━━━ Records shown

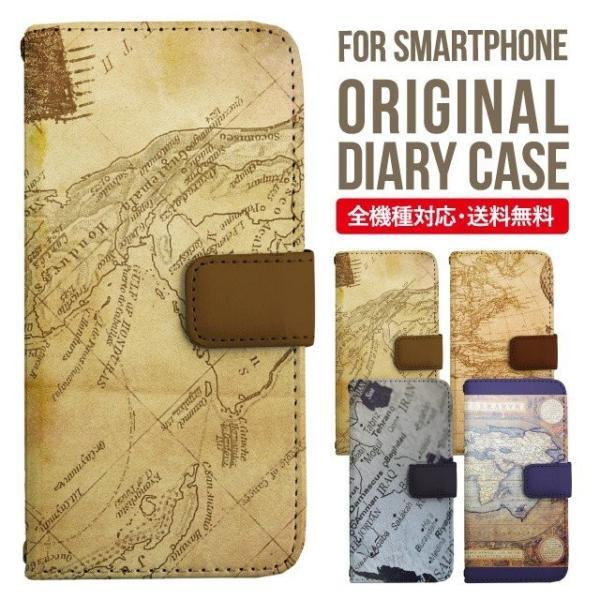 VvX}z6 P[X BASIO active active2 A201SH VvX}z5 707sh Vv X}zP[X 蒠^ A001SH X}zJo[ V[v Softbank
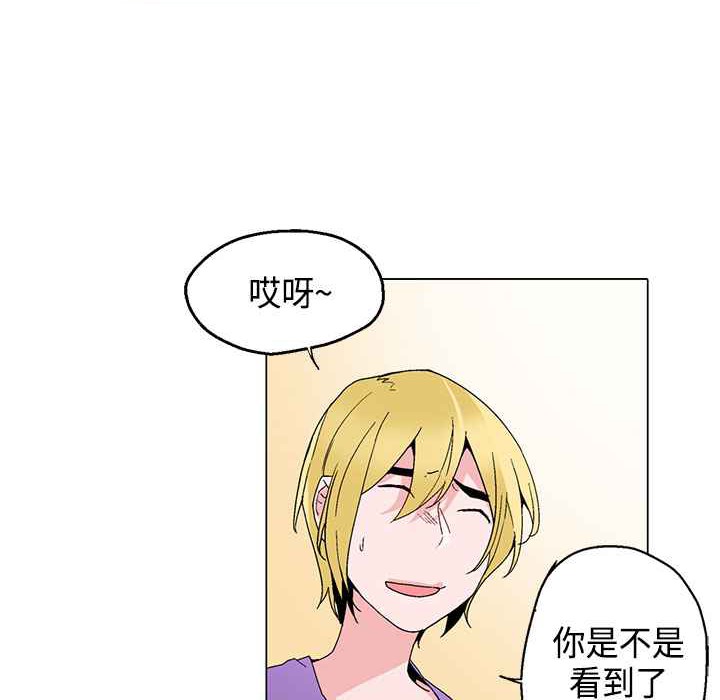 灰姑娘的哥哥们第17话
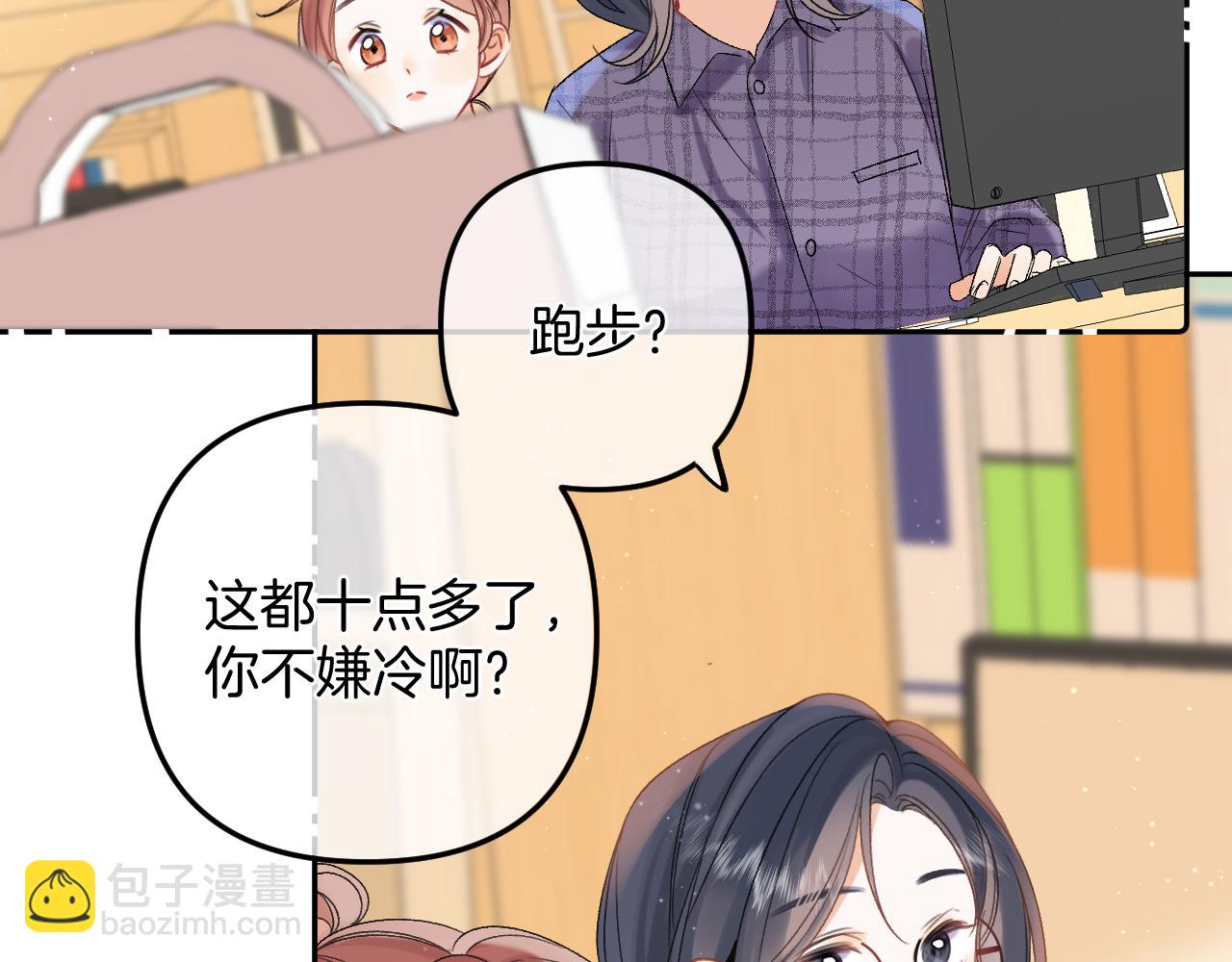 偷偷藏不住 - 34  多追幾下(2/3) - 4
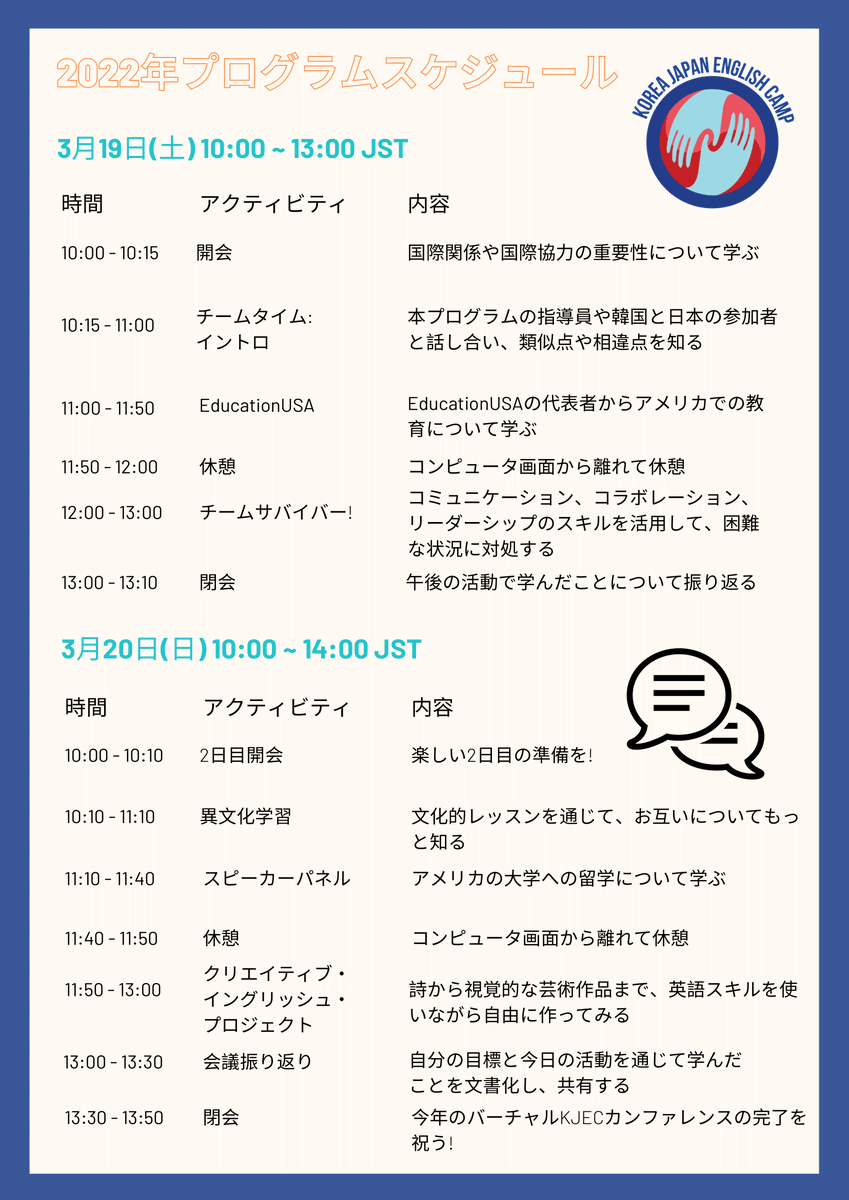 NationalAJET's tweet photo. 🙌 Exciting opportunity for Japanese and Korean second and third-year high school and university students on March 19-20, 10AM-1PM JST/KST! https://t.co/WCAkA3RdZY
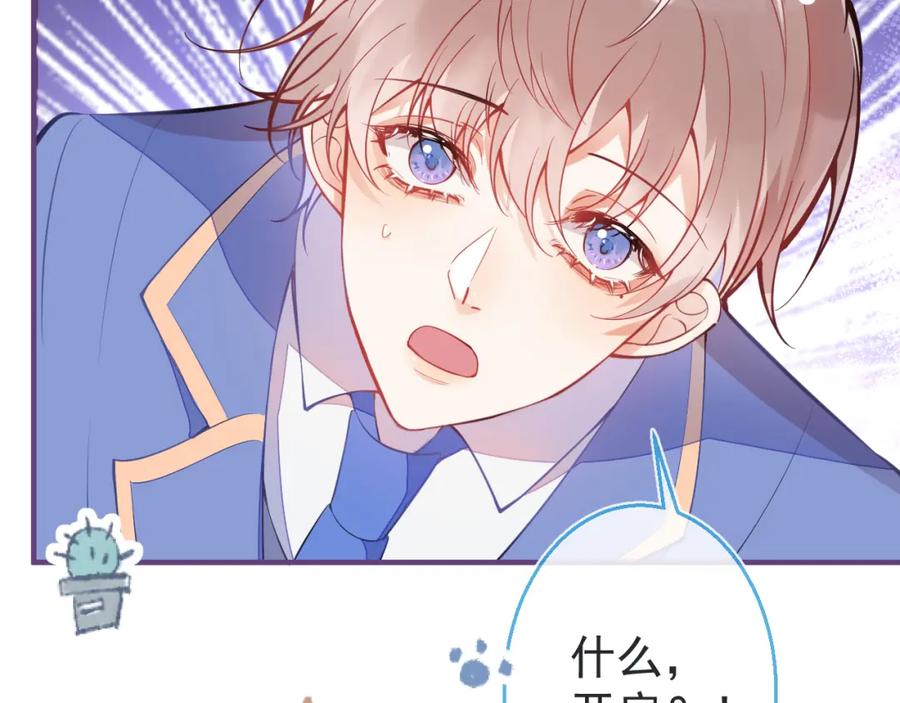 《校霸又在装乖了》第6话 不害臊! 带我来这种地方！ 第106页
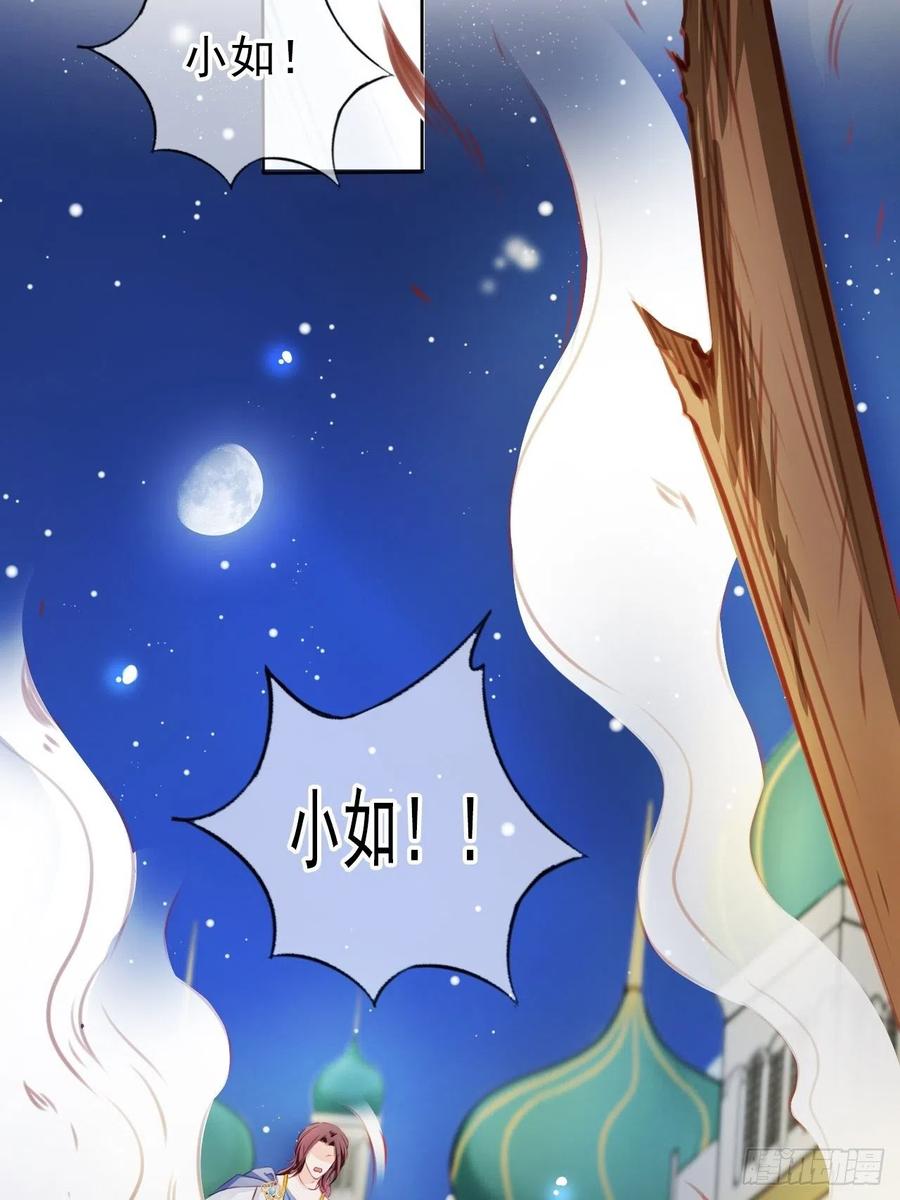 079 我来和你同生共死16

━━━━━━

-- What is required --
Repeat all the data as it stands, dropping any images it holds.

-- Your solution --
 VvX}z6 P[X BASIO active active2 A201SH VvX}z5 707sh Vv X}zP[X 蒠^ A001SH X}zJo[ V[v Softbank
 灰姑娘的哥哥们第17话
 偷偷藏不住 - 34  多追幾下(2/3) - 4
 NationalAJET's tweet photo. 🙌 Exciting opportunity for Japanese and Korean second and third-year high school and university students on March 19-20, 10AM-1PM JST/KST! https://t.co/WCAkA3RdZY
 《校霸又在装乖了》第6话 不害臊! 带我来这种地方！ 第106页
 079 我来和你同生共死16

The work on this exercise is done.